Each week’s online story development will culminate in the weekly one-hour broadcast, curated from the week’s reporting by the various beat teams and co-anchored by Stewart and Meacham. The broadcast will feature documentary-style field reports, from both domestic and international locales, short features and studio-based interviews and conversation to complement and advance the produced reports.
Most recently Alison Stewart was the founding host of NPR’s breakthrough multiplatform news program, “The Bryant Park Project,” the first public radio news program to seamlessly incorporate audio, video and social media. She also guest hosted the network’s flagship programs “Weekend Edition” and “Talk of the Nation.
Stewart began her career as a political reporter and producer for MTV’s critically acclaimed and influential “Choose or Lose” coverage of the 1992 and 1996 Presidential elections, receiving a Peabody Award for her work.
Today, Stewart is an accomplished, award-winning broadcast journalist with credentials from CBS News, ABC News, and NBC News. While at MSNBC, she created and hosted the show “The Most,” a news program based on the most popular news on the web. During her six years at MSNBC, Alison anchored major news events including Hurricane Katrina, the Hezbollah/Israel conflict, and reported live from the 2006 Olympics in Torino, Italy. Stewart also contributed to “NBC Nightly News,” “The Today Show” and “Weekend Today,” where she was also a newsreader.
While at ABC, Stewart served as anchor for ABC News’ “World News Now.” She reported live from the World Trade Center and received an Emmy as part of ABC News’ coverage of September 11th terrorist attacks. Prior to working for ABC News, Stewart was a correspondent for CBS News’ “Sunday Morning” and “48 Hours.”
In 2009, Stewart was named one of “The Root 100,” recognizing emerging and established African American leaders. Alison is working on a book about the first high school for African Americans in the United States.
Jon Meacham is a Pulitzer Prize-winning biographer and the editor of Newsweek. He arrived at the magazine as a writer in 1995, became national affairs editor that year, was named managing editor in 1998 and was appointed to his current position in 2006.

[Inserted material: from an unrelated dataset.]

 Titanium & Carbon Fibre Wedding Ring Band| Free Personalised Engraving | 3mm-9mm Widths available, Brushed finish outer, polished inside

His book American Lion: Andrew Jackson in the White House was published by Random House in November 2008. It debuted at #2 on The New York Times bestseller list and became a Times Notable Book. On April 20, 2009, American Lion was awarded the Pulitzer Prize.
Meacham is also the author of two other New York Times bestsellers—American Gospel: God, the Founding Fathers, and the Making of a Nation and Franklin and Winston: An Intimate Portrait of an Epic Friendship, about the wartime relationship between Roosevelt and Churchill. In 2009, Meacham was elected to the Society of American Historians and serves on its executive board.
He has written for The New York Times Book Review, The Washington Post, Slate, and The Los Angeles Times Book Review. In 2001, he edited Voices in Our Blood: America’s Best on the Civil Rights Movement (Random House), a collection of distinguished nonfiction about the mid-century struggle against Jim Crow. He has served as a judge for the Robert F. Kennedy Book Award and was awarded the Hubert H. Humphrey First Amendment Freedoms Prize by the Anti-Defamation League.
A member of the Council on Foreign Relations, he received an honorary Doctor of Humane Letters degree from the Berkeley Divinity School at Yale University in 2005 and holds three other honorary doctorates.